» Task item
From the line containing "продам пыльник PRADA" through the last line of the data, both ends included, write out every line exactly; omit the pictures.

» Records drawn from a dataset
↓↓↓

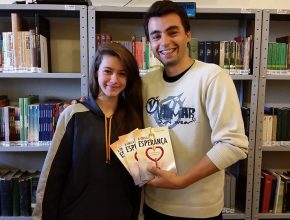Desafio missionário envolve alunos na distribuição de livros 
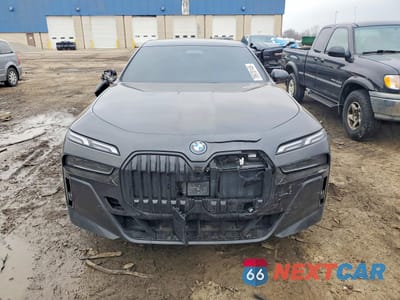 Piąte zdjęcie samochodu w środku: 2023 BMW I7 XDRIVE60 VIN:WBY53EJ01PCN60173 - miniatura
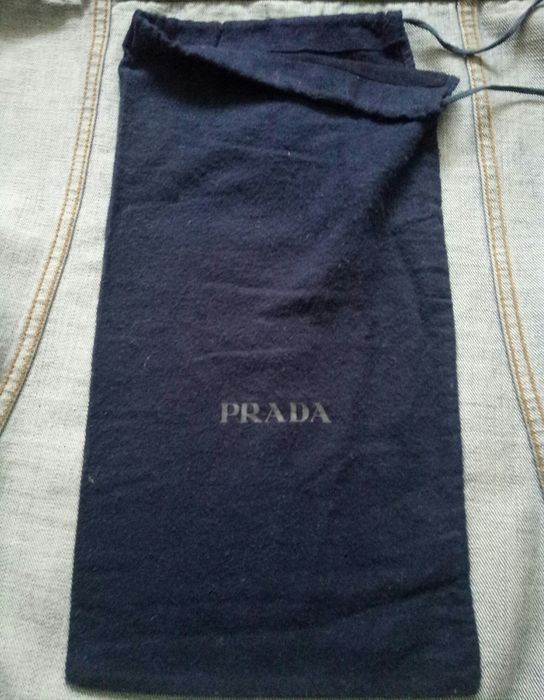 продам пыльник PRADA
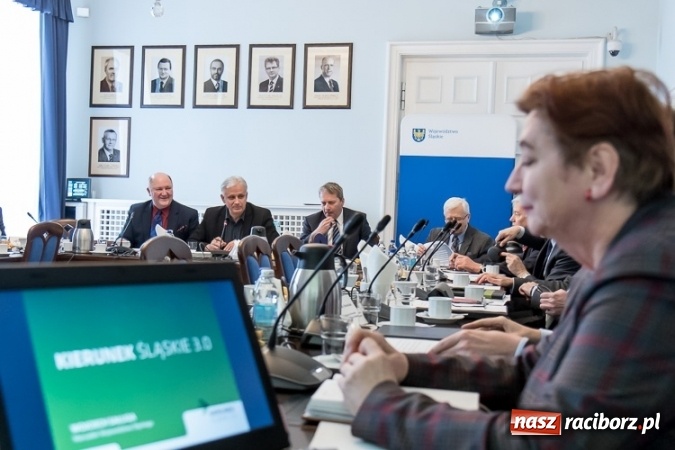 Zdjęcie w galerii na portalu naszraciborz.pl: Ruszyły prace zespołu problemowego WRDS ds. opracowania nowego Kontraktu dla Śląska wiadomości z regionu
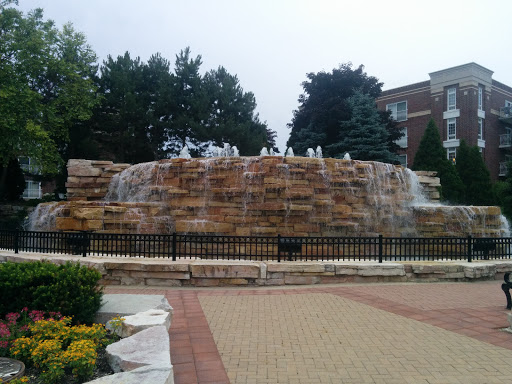 Niles War Memorial Fountain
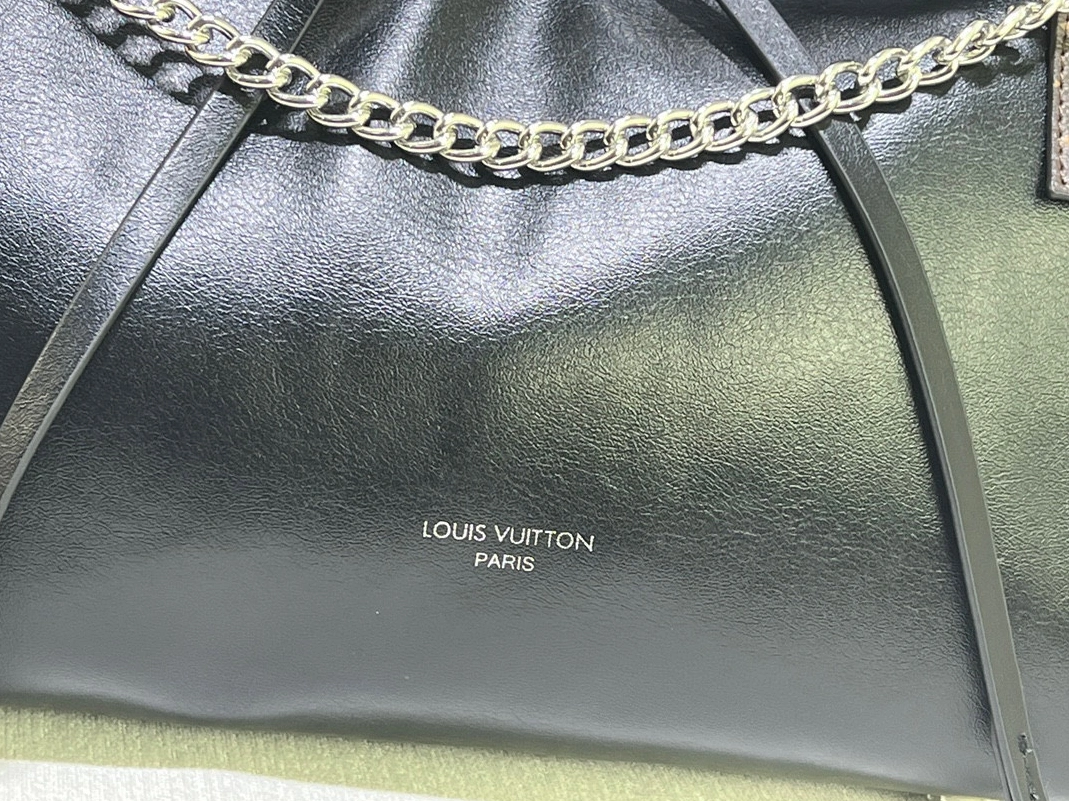 Louis Vuitton AAA Quality Shoulder Bags For Women Trendsetting 972 - Image 4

↑↑↑

» Output for this exercise
 продам пыльник PRADA
 Zdjęcie w galerii na portalu naszraciborz.pl: Ruszyły prace zespołu problemowego WRDS ds. opracowania nowego Kontraktu dla Śląska wiadomości z regionu
 Niles War Memorial Fountain
 Louis Vuitton AAA Quality Shoulder Bags For Women Trendsetting 972 - Image 4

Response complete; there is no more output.